- [Work to be completed] Write out exactly the lines below that run from the one containing "夜店美女dj脱脱脱视频 超260亿元！年内险企密集发债，永续债占比近六成" through the one containing "我叫mt最新內(nèi)購(gòu)版", both included, with no other lines.

- [Data]
######

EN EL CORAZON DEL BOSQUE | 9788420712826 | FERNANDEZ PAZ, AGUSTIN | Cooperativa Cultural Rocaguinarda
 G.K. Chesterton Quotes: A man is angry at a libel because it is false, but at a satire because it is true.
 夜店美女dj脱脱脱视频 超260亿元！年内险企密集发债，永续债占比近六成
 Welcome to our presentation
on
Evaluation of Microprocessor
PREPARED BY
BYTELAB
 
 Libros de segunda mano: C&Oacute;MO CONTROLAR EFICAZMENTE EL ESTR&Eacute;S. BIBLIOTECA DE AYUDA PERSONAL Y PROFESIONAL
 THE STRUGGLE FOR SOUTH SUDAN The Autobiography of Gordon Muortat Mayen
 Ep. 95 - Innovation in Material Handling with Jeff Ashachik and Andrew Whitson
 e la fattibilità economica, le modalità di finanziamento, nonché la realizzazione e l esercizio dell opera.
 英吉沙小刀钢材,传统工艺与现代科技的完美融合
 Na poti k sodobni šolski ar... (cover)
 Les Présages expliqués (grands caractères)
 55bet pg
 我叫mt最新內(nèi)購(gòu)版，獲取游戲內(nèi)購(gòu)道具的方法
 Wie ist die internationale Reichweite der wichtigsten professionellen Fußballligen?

######

- [Answer to the exercise]
 夜店美女dj脱脱脱视频 超260亿元！年内险企密集发债，永续债占比近六成
 Welcome to our presentation
on
Evaluation of Microprocessor
PREPARED BY
BYTELAB
 
 Libros de segunda mano: C&Oacute;MO CONTROLAR EFICAZMENTE EL ESTR&Eacute;S. BIBLIOTECA DE AYUDA PERSONAL Y PROFESIONAL
 THE STRUGGLE FOR SOUTH SUDAN The Autobiography of Gordon Muortat Mayen
 Ep. 95 - Innovation in Material Handling with Jeff Ashachik and Andrew Whitson
 e la fattibilità economica, le modalità di finanziamento, nonché la realizzazione e l esercizio dell opera.
 英吉沙小刀钢材,传统工艺与现代科技的完美融合
 Na poti k sodobni šolski ar... (cover)
 Les Présages expliqués (grands caractères)
 55bet pg
 我叫mt最新內(nèi)購(gòu)版，獲取游戲內(nèi)購(gòu)道具的方法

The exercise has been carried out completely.